President of Sicily Sebastiano Musumeci is currently in Malta holding more bilateral talks with Minister for Energy and Water Management Joe Mizzi and officials from the Energy and Water Agency regarding the Malta-Sicily gas pipeline.
The Ministry for Energy and Water Management has, since the early days of the project, embarked on a stakeholder consultation exercise that included meetings in Sicily to ensure that the concerns of these stakeholders are known and addressed in the project design.
During their first meeting this morning, Minister Joe Mizzi assured President Musumeci that this consultation process will go on, and in fact, further consultation meetings will be held during the coming months in Sicily to further explain the progress of the project and enable Malta’s authorities to understand concerns on the Sicilian side.

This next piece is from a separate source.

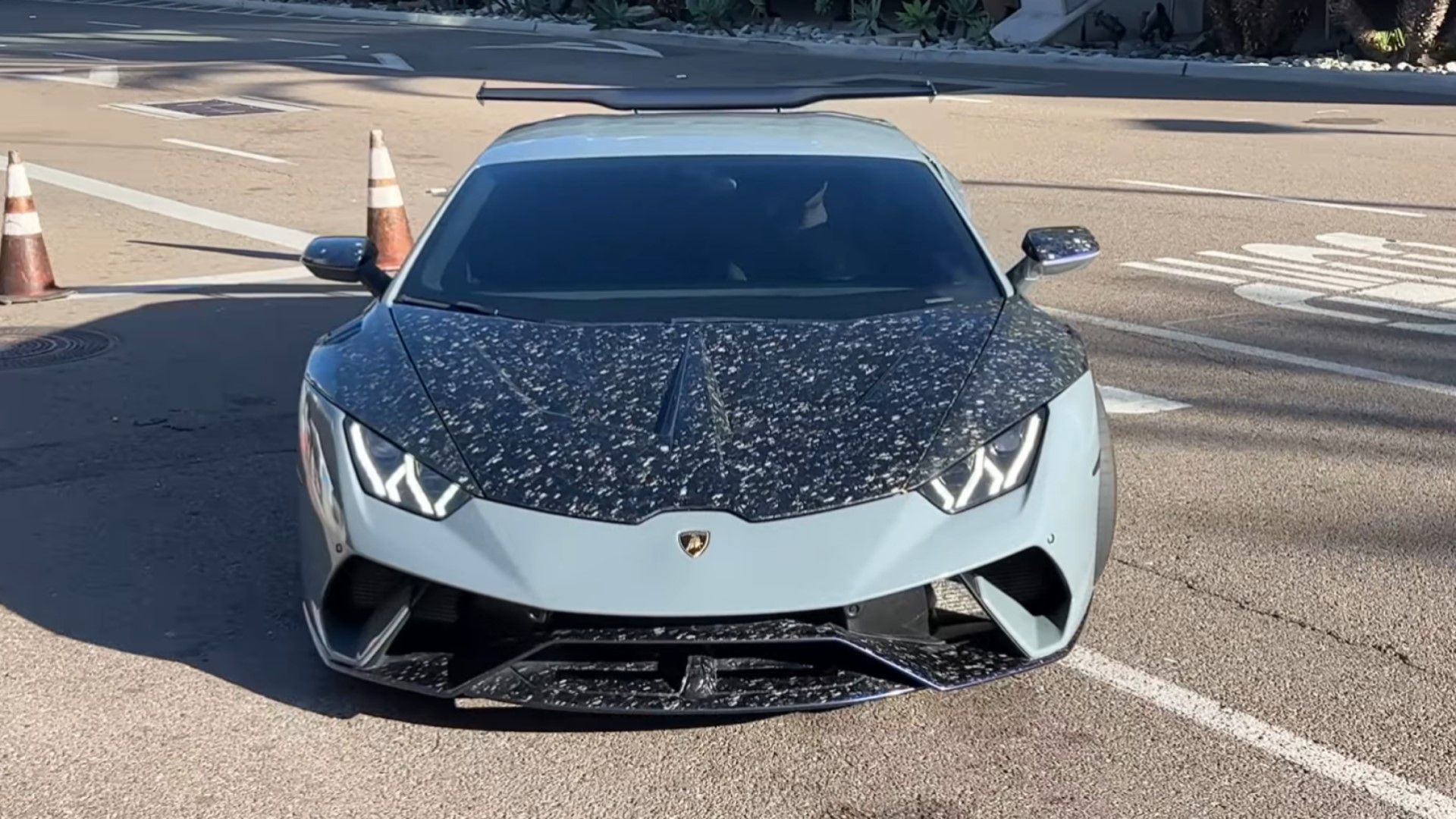 Lamborghini Huracan, front profile view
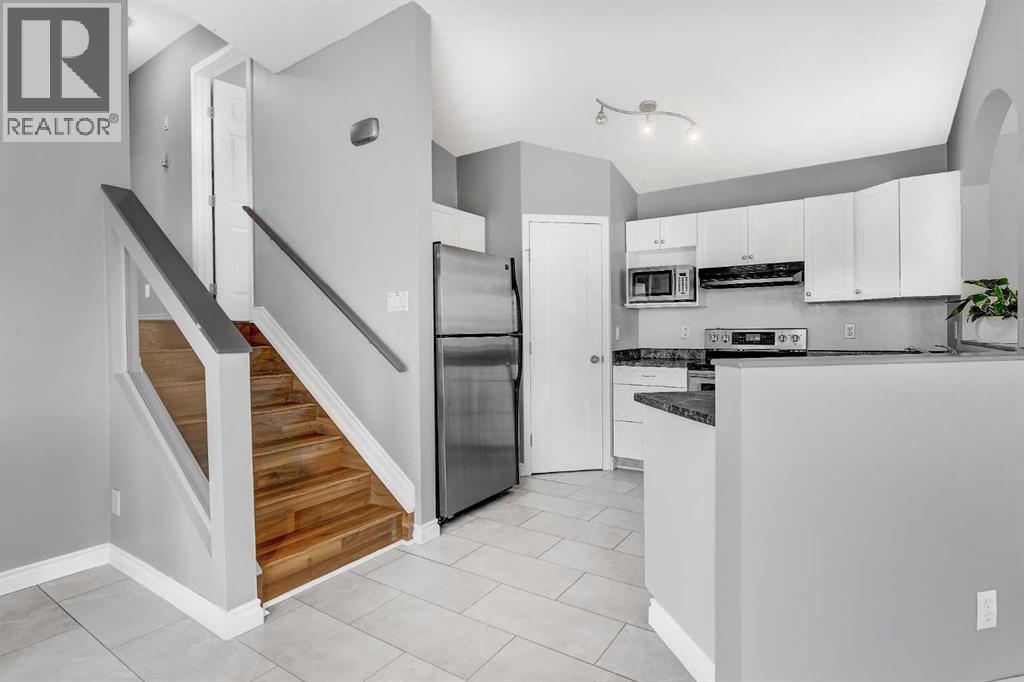 Photo 6 of 10422 72 Avenue, Grande Prairie AB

Minister Mizzi said that the Maltese Government is taking the environmental impact of this project very seriously, and Environmental Impact Assessments are being undertaken, both on the landward side and on the seaward side, in order to ensure that the necessary mitigation measures are included in the project design to enable the least possible impact on the natural and marine environment of Sicily.
These studies are currently being undertaken and Sicilian and Italian authorities are fully involved and fully updated on their progress. “We want to work together with the Sicilian authorities to ensure that the project has a high level of acceptability in Sicily, and that it is undertaken in such a way which respects the natural and marine environment of the Gela region”, said Minister Mizzi.
The gas pipeline project has been designated by the EU as a Project of Common Interest since it permits the linking of Malta with the European gas network, hence further reducing its energy isolation. The primary scope of the project is the importation of gas from Sicily to Malta, and its completion in 2024 will see the removal of the Floating Storage Unit from Marsaxlokk.
Musumeci’s visit also focused on the cultural aspect, an area in which Malta and Sicily’s rich history and traditions provide important openings in fields such as the established arts and festive traditions.